Despite the very wide use of such tableaux, there has only lately appeared a purpose-designed package which looks excellent and very flexible, allowing you also to add line numbers (if you want) and line-by-line justifications:
- Prooftrees by Clea Rees. Read the package documentation for many examples of its power and flexibility (example below, and also see my document Setting Tableaux using Prooftrees).
However, because of issues with the packages that prooftrees.sty invokes, a document with many trees does become slow to type set.
Older options for setting tableaux often require bits of trickery to get nice-looking trees (and don’t supply the option of line numbers etc.). I’ll mention them, however, in case they may be enough for your purposes. Two first options are
- The qtree.sty package (Jeff Siskind and Alexis Dimitriadis), written for typesetting linguists’ syntactic trees, can also be adapted to logicians’ purposes.
- pgf and TikZ (Till Tantau 2005-: a general TeX macro package for generating graphics, with a user-friendly syntax layer called TikZ). tikz-qtree provides a macro for drawing trees with TikZ using the easy syntax of qtree.
- For a document with some illustrations of trees set with these, see Proofs in LaTeX (Alex Kocurek, 2017).
Further options include
- The pst-tree package, used for the illustration above. This package is part of the powerful pstricks family of packages. But this can be a little cumbersome to use, e.g. to fine-tune the placing of the diagonal lines.
- Another package originally written for linguists is synttree, which has a pleasing simple syntax in use (Matijs van Zuijlen).
- Then there is forest (Sašo Živanović, 2012–2017). This is another package that provides PGF/TikZ-based apparatus for drawing trees, and looks very flexible. There is a nice worked example in the first answer here which shows how to fine-tune the output.
Clea Rees’s prooftrees package is based on forest. Here’s a fully annotated tree produced by this package:
See my document for more examples.
Updated 16 December 2018
Is anybody else able to get prooftrees to compile on the 2016 tex distribution? I was able to get it to work once I updated to the 2017 distribution but unfortunately I’m having difficulties submitting the paper to ArXiv as they’re still running the 2016 distribution. Is there any fix for this? Otherwise, great package!

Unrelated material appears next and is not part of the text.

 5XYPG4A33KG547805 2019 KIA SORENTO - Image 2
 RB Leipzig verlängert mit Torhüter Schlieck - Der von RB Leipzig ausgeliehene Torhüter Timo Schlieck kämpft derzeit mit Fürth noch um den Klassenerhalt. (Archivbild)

At a guess, some compatibility issues may be inherited from changes in forest.sty which prooftrees.sty depends on.
As Peter Smith indicates, this is probably due to changes in prooftrees and/or forest, though it is just possible it could be pgf/tikz related. In general, forest and prooftrees have been updated together or only a few days apart, at most, so an updated TeX Live should (hopefully) include a version of prooftrees compatible with the installed version of forest. However, if you try to combine a newer prooftrees with an older forest, it probably won’t work. Assuming that ArXiv has prooftrees and forest installed, they should be compatible. But you might need to adjust the code for your trees to avoid syntax not supported by older versions. But without knowing the error and without any idea what’s in your code, it is hard to give more specific advice.

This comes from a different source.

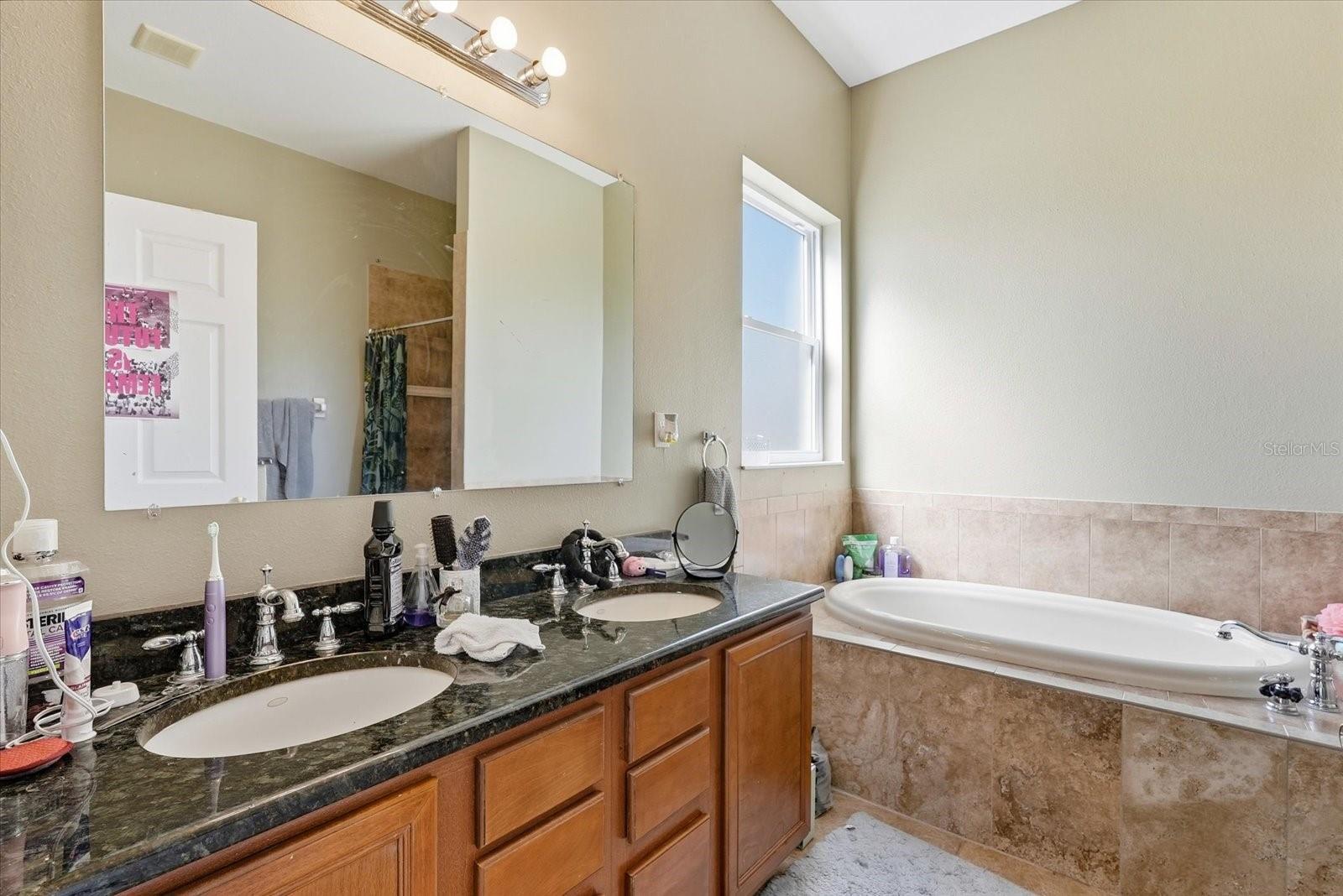 Image 25 of 30 For 1808 Columbus Drive 1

You don’t need to hard code the line references, by the way.
Note that prooftrees CAN now be used with bussproofs. Either load bussproofs first. Or load prooftrees with option ‘tableaux’: ‘\usepackage[tableaux]{prooftrees}’. Either way, you can then use ‘prooftree’ for bussproofs trees and ‘tableau’ for prooftrees trees. Take care not to load the tableaux package instead which, as far as I can tell, does something completely different. The tableaux package is loaded with ‘\usepackage{tableau}`. However, should you need bussproofs, tableaux and prooftrees in the same document, I *think* it should still all play nicely together, as tableaux does not seem to define a ‘tableau’ environment, but only provides a ‘tableau’ .sty file. It would help a bit if package authors didn’t commandeer not one, but multiple names – if bussproofs provided ‘bussproof’, say! In the beginning, package authors believed names would always be plentiful and life simple and good. By now, of course, life is no longer so simple.